This interesting study is original, innovative and well-written. I only have a minor remark to add:
The authors may consider to refer in their study to a recently published paper on nine-spacecraft HelioSwarm observatory (Broeren et al., Frontiers 2021).
Refererence
Broeren T, Klein KG, TenBarge J M, Dors I, Roberts OW and Verscharen D (2021) Magnetic Field Reconstruction for a Realistic Multi-Point, Multi-Scale

Spacecraft Observatory. Front. Astron. Space Sci. 8:727076. doi: 10.3389/fspas.2021.727076

Citation: https://doi.org/10.5194/egusphere-2023-172-RC2
- AC2:
  'Reply on RC2', Leonard Schulz, 31 Aug 2023
  Reply to comments of Anonymous Referee #2 on the manuscript by Leonard Schulz et al. entitled "The m-Dimensional Spatial Nyquist Limit Using the Wave Telescope for Larger Numbers of Spacecraft". The reviewer comments are included and marked using bullet points. The answers of the authors are given below each comment.
  This interesting study is original, innovative and well-written. I only have a minor remark to add:
  
  The authors may consider to refer in their study to a recently published paper on nine-spacecraft HelioSwarm observatory (Broeren et al., Frontiers 2021).
  
  Refererence
  
  Broeren T, Klein KG, TenBarge J M, Dors I, Roberts OW and Verscharen D (2021) Magnetic Field Reconstruction for a Realistic Multi-Point, Multi-Scale Spacecraft Observatory. Front. Astron. Space Sci. 8:727076. doi: 10.3389/fspas.2021.727076
  
  The authors want to thank the reviewer for the general positive review. The study mentioned considers implications of higher numbers of spacecraft to determine a better reconstruction of the magnetic field and thus current densities as e.g. the Curlometer method does. It does not refer to the determination of k-space energy spectra. Thus we think this study is not directly connected to what is done in our study and referencing it does not provide needed information for the reader. Also regard that a reference to the nine-spacecraft HelioSwarm mission is already given in the introduction.
  However, we are aware of a very recent study that was not published when our study was submitted. Namely (Broeren, T. and Klein, K. G.: Data-driven Uncertainty Quantification of the Wave Telescope Technique: General Equations and Demonstration Using HelioSwarm, The Astrophysical Journal Supplement Series, 266, 12, https://doi.org/10.3847/1538-4365/acc6c7, 2023) show extensive statistical error quantifications of the wave telescope technique.

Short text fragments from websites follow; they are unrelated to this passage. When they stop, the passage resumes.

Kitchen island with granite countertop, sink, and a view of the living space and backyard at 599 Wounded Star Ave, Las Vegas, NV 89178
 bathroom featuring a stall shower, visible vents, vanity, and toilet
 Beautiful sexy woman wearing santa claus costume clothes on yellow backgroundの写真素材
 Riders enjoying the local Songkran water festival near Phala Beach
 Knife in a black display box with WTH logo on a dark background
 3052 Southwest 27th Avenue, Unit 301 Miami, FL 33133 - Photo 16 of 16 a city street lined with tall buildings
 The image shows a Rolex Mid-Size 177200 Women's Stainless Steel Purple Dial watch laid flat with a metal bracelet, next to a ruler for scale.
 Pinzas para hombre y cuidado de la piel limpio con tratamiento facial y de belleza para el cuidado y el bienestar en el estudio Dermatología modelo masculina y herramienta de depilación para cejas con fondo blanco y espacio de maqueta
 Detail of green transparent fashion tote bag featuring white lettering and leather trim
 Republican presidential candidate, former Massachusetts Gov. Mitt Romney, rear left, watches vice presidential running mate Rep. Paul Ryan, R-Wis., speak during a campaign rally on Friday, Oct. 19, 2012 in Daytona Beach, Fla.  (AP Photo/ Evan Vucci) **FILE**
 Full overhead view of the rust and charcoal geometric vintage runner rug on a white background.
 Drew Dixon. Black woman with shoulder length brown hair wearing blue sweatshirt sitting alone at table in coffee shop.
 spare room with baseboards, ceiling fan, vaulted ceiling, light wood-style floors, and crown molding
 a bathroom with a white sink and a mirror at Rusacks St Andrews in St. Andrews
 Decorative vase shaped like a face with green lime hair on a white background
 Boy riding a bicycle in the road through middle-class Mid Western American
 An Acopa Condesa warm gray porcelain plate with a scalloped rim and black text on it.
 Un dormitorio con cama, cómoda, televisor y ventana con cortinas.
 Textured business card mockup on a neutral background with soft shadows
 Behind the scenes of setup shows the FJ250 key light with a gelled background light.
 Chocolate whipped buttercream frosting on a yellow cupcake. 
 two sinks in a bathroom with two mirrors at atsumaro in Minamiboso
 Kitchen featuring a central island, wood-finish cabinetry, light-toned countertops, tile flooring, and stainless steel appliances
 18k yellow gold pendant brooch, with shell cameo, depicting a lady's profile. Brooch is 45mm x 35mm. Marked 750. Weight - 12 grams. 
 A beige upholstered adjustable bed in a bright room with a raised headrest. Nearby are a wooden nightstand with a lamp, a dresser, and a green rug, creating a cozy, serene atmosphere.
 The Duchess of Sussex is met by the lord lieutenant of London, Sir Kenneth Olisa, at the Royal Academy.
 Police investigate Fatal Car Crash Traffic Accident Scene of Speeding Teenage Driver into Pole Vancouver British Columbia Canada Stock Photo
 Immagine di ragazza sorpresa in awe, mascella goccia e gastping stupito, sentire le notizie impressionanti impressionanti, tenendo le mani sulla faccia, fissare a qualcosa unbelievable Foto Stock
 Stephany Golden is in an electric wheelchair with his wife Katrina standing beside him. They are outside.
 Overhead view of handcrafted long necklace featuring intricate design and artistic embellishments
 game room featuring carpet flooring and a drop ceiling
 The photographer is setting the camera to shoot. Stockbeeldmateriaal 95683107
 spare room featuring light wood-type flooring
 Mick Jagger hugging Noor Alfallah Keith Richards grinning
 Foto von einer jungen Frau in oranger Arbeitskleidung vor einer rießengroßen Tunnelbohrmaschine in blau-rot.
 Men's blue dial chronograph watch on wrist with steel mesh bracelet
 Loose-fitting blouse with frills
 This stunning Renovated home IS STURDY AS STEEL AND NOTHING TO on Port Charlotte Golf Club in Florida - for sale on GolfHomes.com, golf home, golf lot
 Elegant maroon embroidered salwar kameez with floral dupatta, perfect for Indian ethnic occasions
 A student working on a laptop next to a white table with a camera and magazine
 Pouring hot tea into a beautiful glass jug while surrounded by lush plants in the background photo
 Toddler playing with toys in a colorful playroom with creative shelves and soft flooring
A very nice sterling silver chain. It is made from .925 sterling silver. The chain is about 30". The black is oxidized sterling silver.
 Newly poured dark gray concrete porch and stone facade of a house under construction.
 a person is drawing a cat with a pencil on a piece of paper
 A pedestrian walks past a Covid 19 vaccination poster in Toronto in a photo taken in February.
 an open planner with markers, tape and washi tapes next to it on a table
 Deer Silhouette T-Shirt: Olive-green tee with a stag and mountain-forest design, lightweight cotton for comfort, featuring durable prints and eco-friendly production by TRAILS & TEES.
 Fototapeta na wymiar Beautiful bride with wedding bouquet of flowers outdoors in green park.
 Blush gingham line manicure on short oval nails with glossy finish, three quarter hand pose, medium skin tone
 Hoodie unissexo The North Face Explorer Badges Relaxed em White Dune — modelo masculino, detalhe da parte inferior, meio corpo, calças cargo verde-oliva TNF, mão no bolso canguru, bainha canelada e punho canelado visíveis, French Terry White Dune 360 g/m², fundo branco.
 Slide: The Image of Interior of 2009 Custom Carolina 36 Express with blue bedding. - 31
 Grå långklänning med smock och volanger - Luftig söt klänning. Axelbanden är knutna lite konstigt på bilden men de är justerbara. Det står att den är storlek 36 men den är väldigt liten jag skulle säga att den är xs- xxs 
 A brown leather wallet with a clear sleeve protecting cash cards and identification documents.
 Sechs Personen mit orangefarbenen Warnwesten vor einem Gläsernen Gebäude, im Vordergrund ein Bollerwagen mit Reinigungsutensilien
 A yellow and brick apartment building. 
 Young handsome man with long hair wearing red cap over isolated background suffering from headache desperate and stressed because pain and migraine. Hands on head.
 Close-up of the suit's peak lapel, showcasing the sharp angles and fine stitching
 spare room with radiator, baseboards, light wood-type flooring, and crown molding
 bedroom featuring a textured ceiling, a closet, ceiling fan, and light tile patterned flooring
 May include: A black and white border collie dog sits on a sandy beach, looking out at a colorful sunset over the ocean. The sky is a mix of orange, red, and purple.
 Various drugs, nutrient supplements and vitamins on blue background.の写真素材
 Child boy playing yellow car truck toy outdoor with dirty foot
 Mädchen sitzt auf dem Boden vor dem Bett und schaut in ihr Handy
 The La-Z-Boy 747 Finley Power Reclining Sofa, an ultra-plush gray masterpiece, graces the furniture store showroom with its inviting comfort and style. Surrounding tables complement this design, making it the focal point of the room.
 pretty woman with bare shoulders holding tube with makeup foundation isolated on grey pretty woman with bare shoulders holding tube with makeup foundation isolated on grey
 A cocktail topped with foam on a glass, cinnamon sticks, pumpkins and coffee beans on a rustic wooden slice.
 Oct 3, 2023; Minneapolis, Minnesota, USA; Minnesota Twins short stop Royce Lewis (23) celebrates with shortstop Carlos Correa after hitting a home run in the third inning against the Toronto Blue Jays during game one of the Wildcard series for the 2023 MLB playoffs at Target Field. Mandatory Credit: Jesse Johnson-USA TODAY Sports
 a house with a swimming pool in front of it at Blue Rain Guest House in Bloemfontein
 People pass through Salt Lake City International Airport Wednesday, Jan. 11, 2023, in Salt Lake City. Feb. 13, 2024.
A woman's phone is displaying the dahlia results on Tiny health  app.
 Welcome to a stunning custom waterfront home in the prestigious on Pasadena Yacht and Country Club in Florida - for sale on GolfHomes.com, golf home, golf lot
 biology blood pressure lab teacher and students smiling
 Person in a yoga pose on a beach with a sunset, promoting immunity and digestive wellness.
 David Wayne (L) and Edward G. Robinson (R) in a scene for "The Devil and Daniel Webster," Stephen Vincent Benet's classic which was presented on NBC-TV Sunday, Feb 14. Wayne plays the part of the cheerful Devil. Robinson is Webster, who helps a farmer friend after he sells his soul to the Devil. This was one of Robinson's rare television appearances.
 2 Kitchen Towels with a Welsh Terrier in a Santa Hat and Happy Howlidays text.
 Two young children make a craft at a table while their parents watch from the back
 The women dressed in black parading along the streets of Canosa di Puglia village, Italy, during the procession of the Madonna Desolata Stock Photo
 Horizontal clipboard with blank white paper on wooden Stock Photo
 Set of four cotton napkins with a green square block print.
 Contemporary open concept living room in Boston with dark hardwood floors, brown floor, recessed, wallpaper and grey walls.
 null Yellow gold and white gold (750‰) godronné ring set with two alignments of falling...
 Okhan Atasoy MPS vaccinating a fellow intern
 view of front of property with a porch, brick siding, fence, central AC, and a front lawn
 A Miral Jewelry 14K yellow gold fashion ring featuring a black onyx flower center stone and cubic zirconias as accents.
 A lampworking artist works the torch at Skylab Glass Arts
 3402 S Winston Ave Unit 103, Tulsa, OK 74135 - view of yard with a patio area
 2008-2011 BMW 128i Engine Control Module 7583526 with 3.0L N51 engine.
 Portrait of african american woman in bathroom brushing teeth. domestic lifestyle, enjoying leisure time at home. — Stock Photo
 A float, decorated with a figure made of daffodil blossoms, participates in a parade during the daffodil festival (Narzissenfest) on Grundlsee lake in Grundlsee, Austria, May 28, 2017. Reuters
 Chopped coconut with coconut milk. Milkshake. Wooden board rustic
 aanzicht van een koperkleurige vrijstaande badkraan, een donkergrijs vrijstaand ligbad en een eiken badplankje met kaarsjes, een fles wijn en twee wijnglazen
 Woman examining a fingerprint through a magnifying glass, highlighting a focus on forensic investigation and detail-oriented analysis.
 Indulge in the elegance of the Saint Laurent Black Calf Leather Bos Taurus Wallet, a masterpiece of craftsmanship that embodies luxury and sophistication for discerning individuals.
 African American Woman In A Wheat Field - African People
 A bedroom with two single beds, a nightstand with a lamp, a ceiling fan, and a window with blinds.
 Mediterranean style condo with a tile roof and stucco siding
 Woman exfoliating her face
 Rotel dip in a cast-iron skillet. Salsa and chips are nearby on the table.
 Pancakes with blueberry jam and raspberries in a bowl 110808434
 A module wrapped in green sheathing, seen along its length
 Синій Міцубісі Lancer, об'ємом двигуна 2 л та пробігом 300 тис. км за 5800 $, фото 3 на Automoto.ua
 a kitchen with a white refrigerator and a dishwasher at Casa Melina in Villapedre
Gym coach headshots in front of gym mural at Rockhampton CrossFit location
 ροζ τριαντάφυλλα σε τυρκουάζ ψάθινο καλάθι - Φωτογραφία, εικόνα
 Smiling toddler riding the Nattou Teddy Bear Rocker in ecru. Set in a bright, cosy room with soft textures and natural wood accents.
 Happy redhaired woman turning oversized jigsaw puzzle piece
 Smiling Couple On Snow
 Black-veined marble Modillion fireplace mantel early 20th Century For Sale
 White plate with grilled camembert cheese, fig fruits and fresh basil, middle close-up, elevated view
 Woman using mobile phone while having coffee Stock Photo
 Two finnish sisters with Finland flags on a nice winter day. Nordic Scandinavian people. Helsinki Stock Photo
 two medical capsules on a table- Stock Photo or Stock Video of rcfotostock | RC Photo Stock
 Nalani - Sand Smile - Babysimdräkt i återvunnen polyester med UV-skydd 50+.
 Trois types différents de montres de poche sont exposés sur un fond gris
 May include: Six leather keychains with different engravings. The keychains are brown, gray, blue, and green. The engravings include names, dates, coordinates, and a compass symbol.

We want to add a reference to this publication in section 5 (the conclusions) stating a possible combination of both studies to precisely quantify the wave telescope’s capabilities for configurations of more than 4 S/C.
  
  Citation: https://doi.org/10.5194/egusphere-2023-172-AC2
RC3:
'Comment on egusphere-2023-172', Stephan C. Buchert, 04 Aug 2023
The study reveals interesting features of high resolution wavenumber power spectra for non-uniform sparse spatial sampling. Previous results from time series analysis with non-uniform sampling are shown to be transferable to the Capon beamforming estimator, and are generalized to higher spatial dimensions. Before final publication I would suggest minor improvements and clarifications:
The conclusions could state more precisely what is new in this study. As far as I can see this would perhaps be
by modeling the study verifies that for non-uniform sampling also the wave telescope technique shows the same aliasing features as in time/frequency the ordinary DFT (Bretthorst, 2001) and the Lomb-Scargle periodogram (VanderPlas, 2018).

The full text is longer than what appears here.